To access facilities like Chase Center, home of the Warriors, San Francisco, like Los Angeles, requires individuals to be completely immunized. In New York, however, evidence of just one vaccination injection is required to get access to Madison Square Garden and Barclays Center, the home of the New York Knicks and Brooklyn Nets, respectively.
Golden State forward Andrew Wiggins received his vaccination over the weekend, enabling him to participate in home games in San Francisco when the regular season starts later this month.
“The two choices were to get immunized or not play in the NBA,” Wiggins said following the Warriors’ preseason opener against the Portland Trail Blazers on Tuesday. “It was a difficult choice.

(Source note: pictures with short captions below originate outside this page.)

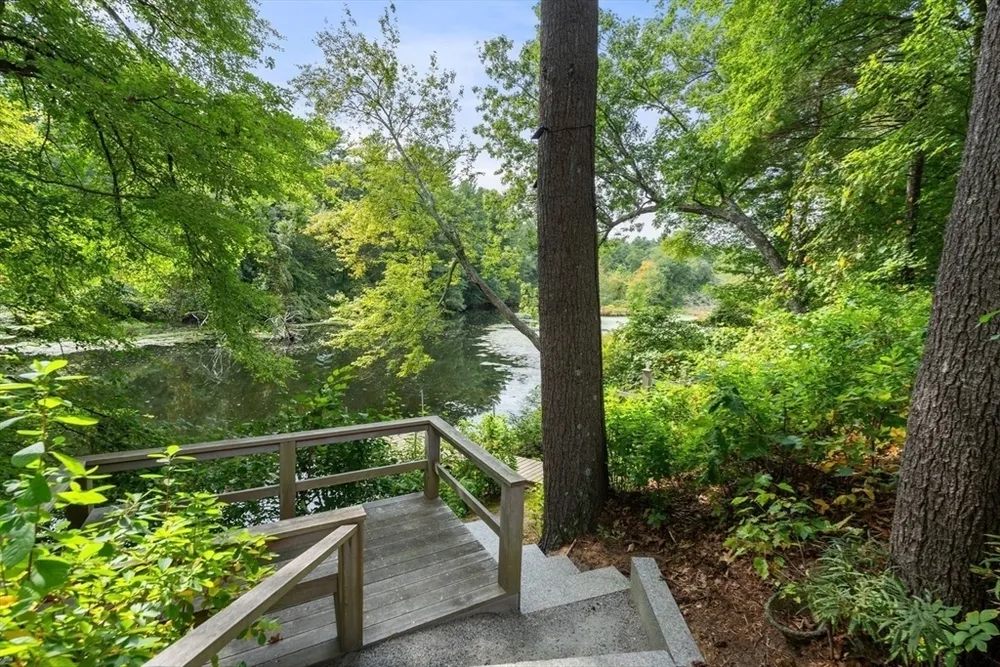 182 Winding River Rd, Wellesley, MA 02482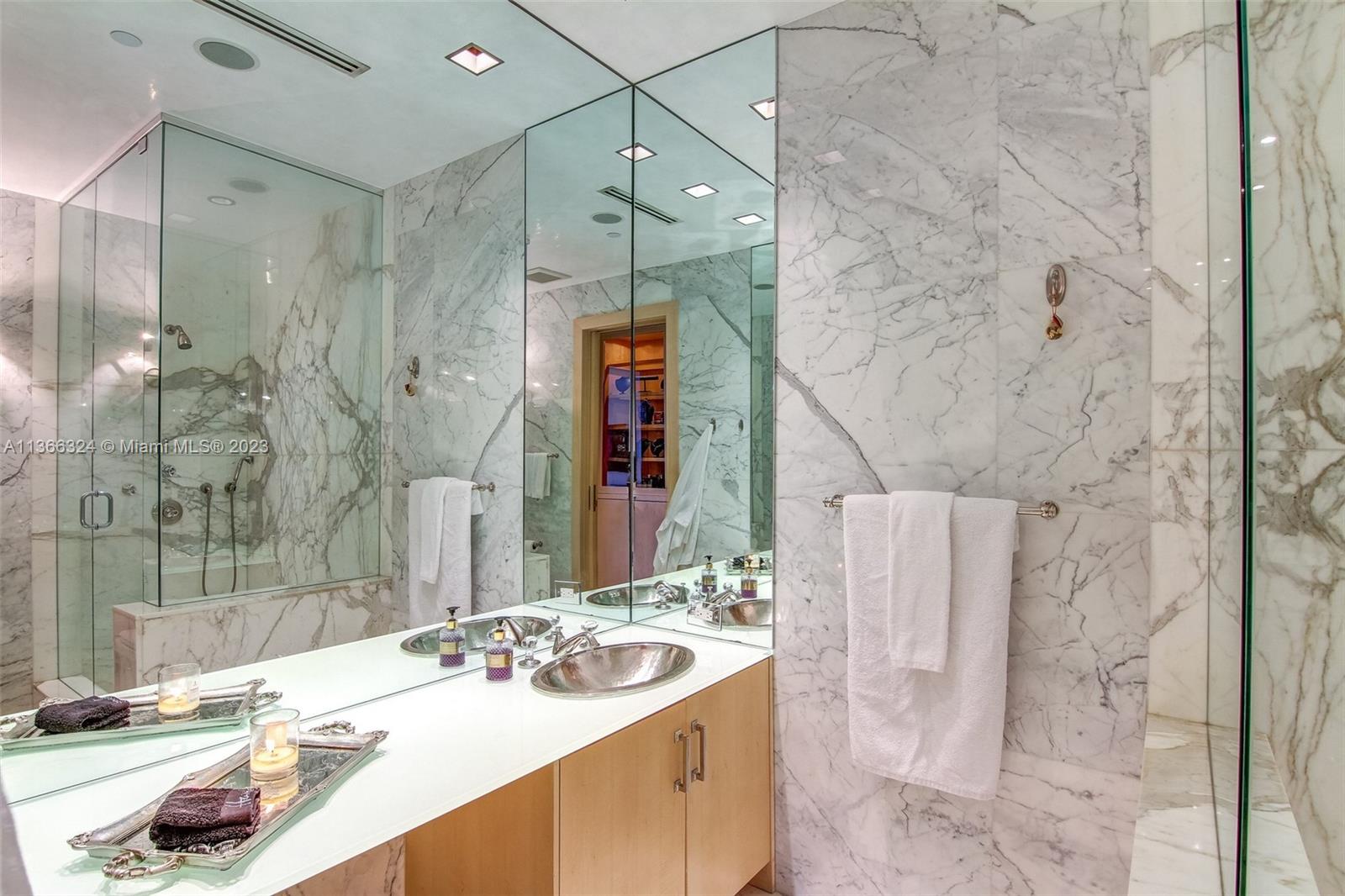 PALAZZO DEL MARE AT FISHE - Residential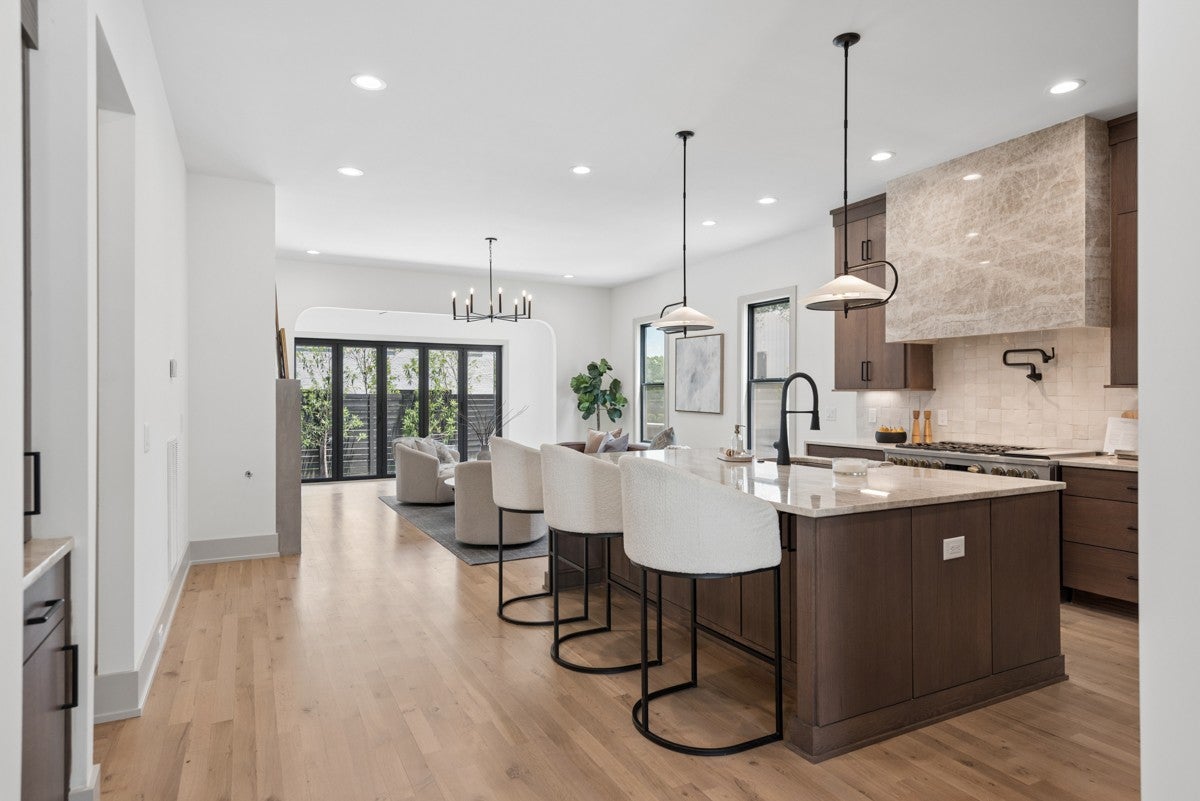 5.0-bed rental at 506 Stonewall Way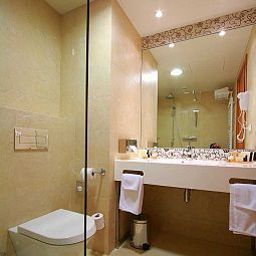 Zimmer Ramada Oradea Fotos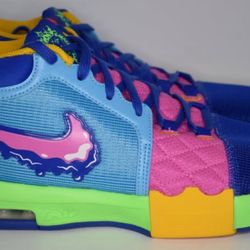 Nike LeBron 8 Witness "I Promise School" Size 12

Hopefully, everything will work out in the long term, and I will be healthy in ten years.”
Kyrie Irving of the New York Nets, on the other hand, continues to sit out activities in the city since he has yet to be shot. The remainder of the Nets’ roster, as well as the Knicks’ and Warriors’ complete rosters, are in conformity with the local rules.
Irving said during a virtual media session last week during Brooklyn’s media day because he was unable to attend in person at Barclays Center due to the mandate. “I know that I’ll be there every day no matter what and just be present for my teammates as one of the leaders on the team and be there for my growing tribe off the court,” Irving said.
“I understand that concentration must be at an all-time high with no distractions. More diversions, more fuss, and more drama surrounding this is the last thing I wanted to generate. With good intentions and a decent heart, I’m trying my best to keep this going.”
Nick Friedell of ESPN, Dave McMenamin of ESPN, Ohm Youngmisuk of ESPN, and Greg Wyshynski of ESPN contributed to this story.